#### What you are asked to do:
Write again exactly the lines in the listing below, starting at the line with "NVIDIA的NIS功能要如何开启？NVIDIA的NIS功能开启方法" and ending at the line with "第135章：【第三季番外】严重的玩笑", both included. Pictures are not copied.

#### Data extracts:
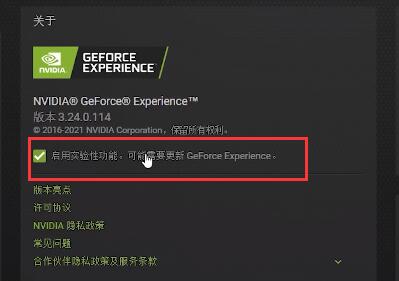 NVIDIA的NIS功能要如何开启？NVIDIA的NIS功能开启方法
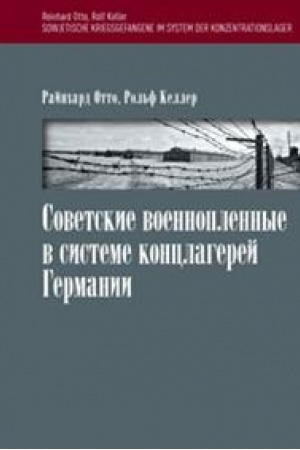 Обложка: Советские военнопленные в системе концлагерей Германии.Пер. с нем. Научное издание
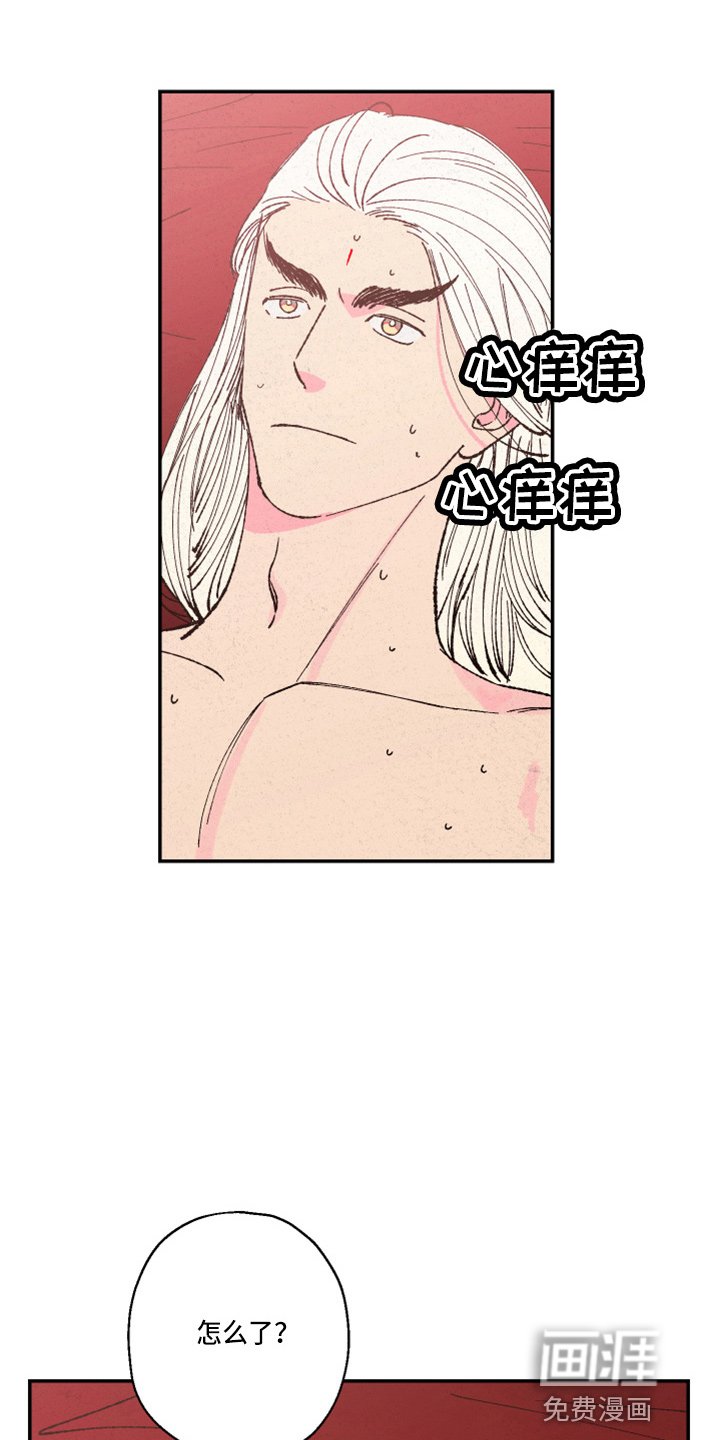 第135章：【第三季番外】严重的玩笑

--

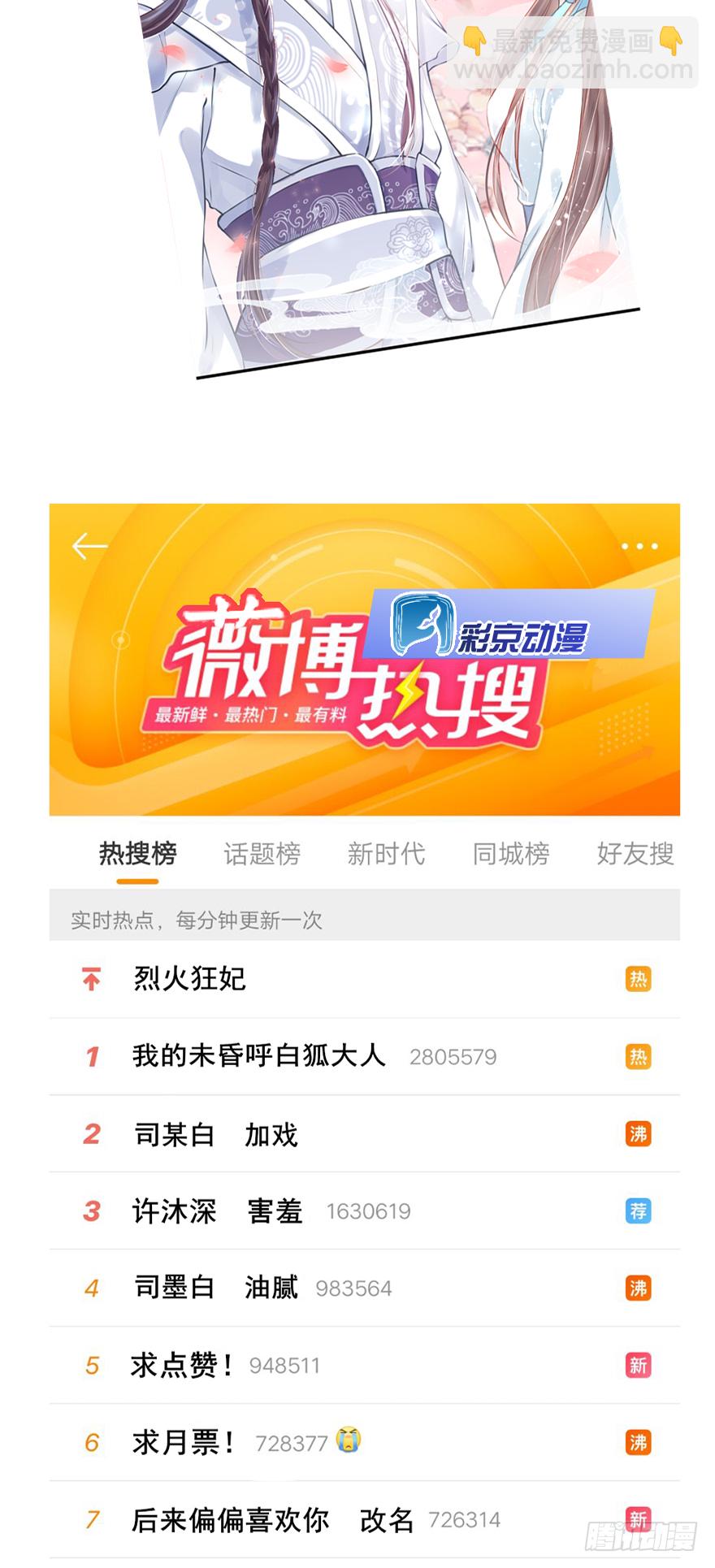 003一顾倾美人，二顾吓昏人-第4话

#### Response for this exercise:
 NVIDIA的NIS功能要如何开启？NVIDIA的NIS功能开启方法
 Обложка: Советские военнопленные в системе концлагерей Германии.Пер. с нем. Научное издание
 第135章：【第三季番外】严重的玩笑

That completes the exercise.